It's a question I repeatedly asked myself in the run-up to our Into the Maelstrom expedition. The whirlpool swims presented a new fear, a different psychological problem from what we'd faced before - a fear of the unknown.

Maelstrom swimming is certainly in it's infancy. There are around nine maelstroms in the world of which only one, the Corryvreckan, off the coast of Scotland, has ever been swum. There are barely any blogs, videos, tips, articles, websites advising you how to swim across a whirlpool. What research I could do was largely around studying orca hunting behaviour (the danger from orcas depends on the ecotypes. The pods in Norway are herring hunting pods and the only type that is semi-safe to be in the water with. I also carefully monitored the temperature of the water (around nine-degrees for our swim window). Arguably, it's a relatively insane idea and we really were heading into the unknown. There was no real way of knowing what would happen and, as the expedition formed in my mind and gradually became a reality, the fear of the unknown began to gradually increase.

With this in mind, I want to share the five key ways I mentally prepared for the swims.

 
 
 
 

Use Positivity

You must be endlessly positive (my friends would argue that I lean on the side bordering on insane).

For example, the very first email I sent for the maelstrom expedition was to Lars and Therese, a pair of Norwegian ship captains from the tiny fishing village of Reine. They have run RIB tours for the last fifteen years to the Moskstraumen to see the whirlpools and the wildlife. The email I sent contained four questions:

Has it been done before?

With preparation, experience and the right team is it possible to swim the 8km across?

In theory could we charter your boat?

What are the chances of seeing Killer Whales?

To which they responded:

No

Not really, I think any skilled captain that knows the area will think this is mad

Our insurance does not cover things that we should have known as a mortal danger

The Killer Whales have been in the area from April to September the last 3-4 years. They move all around.

The very first email I sent for the maelstrom expedition was to Lars and Therese, a pair of Norwegian ship captains from the tiny fishing village of Reine. They have run RIB tours for the last fifteen years to the Moskstraumen to see the whirlpools and the wildlife.

Now you'd think the point when the local experts who live there tell you it's not possible is the point you give up. However, I've learned over our previous swims that anything can be overcome with positivity and you can't go into anything like this with any doubt. So, from that email onwards, I approached every single hurdle, every danger, every "no", every journalist who told us we were going to die, with the same endless positivity. Looking backwards from the start of the swim, all those little hurdles and every moment of positivity amounts to what I call "logical insanity".

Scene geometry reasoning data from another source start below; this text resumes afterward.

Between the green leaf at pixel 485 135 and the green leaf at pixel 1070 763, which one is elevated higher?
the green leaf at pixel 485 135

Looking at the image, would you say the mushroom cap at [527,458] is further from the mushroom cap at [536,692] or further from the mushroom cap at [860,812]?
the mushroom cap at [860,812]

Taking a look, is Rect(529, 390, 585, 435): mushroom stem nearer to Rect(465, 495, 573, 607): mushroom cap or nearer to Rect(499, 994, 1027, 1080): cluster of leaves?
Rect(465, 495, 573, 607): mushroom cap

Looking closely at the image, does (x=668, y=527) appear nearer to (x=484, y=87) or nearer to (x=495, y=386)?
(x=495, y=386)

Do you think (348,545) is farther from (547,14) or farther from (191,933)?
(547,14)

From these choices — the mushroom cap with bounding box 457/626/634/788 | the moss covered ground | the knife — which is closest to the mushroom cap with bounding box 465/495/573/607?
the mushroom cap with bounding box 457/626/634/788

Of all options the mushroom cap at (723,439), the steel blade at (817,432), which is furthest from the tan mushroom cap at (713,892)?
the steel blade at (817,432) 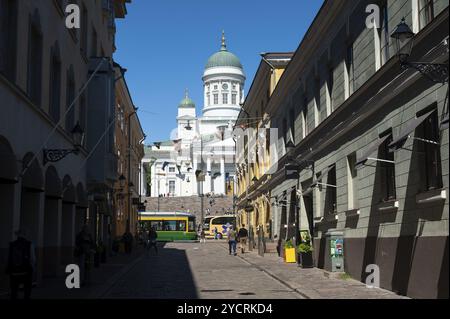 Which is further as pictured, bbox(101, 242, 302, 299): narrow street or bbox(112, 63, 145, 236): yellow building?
bbox(112, 63, 145, 236): yellow building

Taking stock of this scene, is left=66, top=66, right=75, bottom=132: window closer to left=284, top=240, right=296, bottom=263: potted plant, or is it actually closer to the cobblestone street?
the cobblestone street

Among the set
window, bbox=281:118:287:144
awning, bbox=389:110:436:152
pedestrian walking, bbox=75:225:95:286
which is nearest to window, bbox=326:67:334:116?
pedestrian walking, bbox=75:225:95:286

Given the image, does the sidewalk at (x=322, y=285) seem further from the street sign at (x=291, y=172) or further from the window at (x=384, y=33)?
the window at (x=384, y=33)

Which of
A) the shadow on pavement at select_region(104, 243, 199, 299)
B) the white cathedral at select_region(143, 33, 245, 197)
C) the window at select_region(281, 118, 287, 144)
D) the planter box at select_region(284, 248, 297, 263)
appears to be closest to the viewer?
the shadow on pavement at select_region(104, 243, 199, 299)

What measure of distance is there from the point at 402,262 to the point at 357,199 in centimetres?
457

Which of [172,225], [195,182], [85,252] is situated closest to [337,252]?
[85,252]

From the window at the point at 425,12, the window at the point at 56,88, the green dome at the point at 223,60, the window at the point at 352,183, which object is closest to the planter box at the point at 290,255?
the window at the point at 352,183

It seems insane, but every danger has been simultaneously overcome, one forward-moving step at a time. After swimming the Moskentraumen, seeing the look on Therese’s face was incredibly rewarding. To know that despite her initial, understandable hesitation, she had trusted in our mad dream and steered us to safety. Afterwards she said that she got lots of emails from divers, fisherman, kayakers, etc..., who said they wanted to come and try various activities in the maelstrom, but that we were the first and only people who had actually followed up and gone through with it.

...we were the first and only people who had actually followed up and gone through with it.

 

You must have a strong “Why”

We learned of the Norwegian government’s potential plans to drill for oil around the Lofoten islands, which is a marine haven for orcas, greenland sharks, 75% of the Atlantic’s cod and the largest cold water coral reef in the world. Alongside WWF Norway, we wanted to do these swims as a symbolic protest against all oil drilling activity there. Having a reason bigger than ourselves, and doing the swims as brothers, gave us mental fortitude beyond our own individual strength.

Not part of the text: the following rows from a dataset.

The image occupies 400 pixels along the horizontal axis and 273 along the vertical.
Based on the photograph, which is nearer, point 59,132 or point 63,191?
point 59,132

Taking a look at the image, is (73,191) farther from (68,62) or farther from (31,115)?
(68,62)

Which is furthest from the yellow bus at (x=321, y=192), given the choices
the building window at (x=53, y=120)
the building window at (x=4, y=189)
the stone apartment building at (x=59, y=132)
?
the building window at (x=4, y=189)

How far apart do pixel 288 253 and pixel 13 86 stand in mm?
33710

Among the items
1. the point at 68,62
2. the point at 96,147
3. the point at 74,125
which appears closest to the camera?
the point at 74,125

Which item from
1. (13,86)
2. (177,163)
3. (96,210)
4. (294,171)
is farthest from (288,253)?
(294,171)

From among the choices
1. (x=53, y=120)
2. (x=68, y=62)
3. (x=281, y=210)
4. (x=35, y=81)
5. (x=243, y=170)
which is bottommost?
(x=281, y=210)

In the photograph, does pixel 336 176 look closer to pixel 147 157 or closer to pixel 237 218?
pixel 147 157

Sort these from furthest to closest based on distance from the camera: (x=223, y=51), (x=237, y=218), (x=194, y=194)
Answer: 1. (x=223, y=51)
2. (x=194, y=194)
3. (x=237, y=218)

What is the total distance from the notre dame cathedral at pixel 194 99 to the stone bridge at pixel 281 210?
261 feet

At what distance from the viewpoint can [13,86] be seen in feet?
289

I swim for my brothers and as my little brother Jack said -  "I would say that the most important thing you need to keep in mind is the ‘why’ of what you’re doing. In the end, if the ‘why’ is to become more famous or to massage your own ego, in one way or another, you’re always going to fail. However, if the ‘why’ is based upon love then there is no telling how far you will be able to go”.

Doing something for the right reasons will help you overcome fear.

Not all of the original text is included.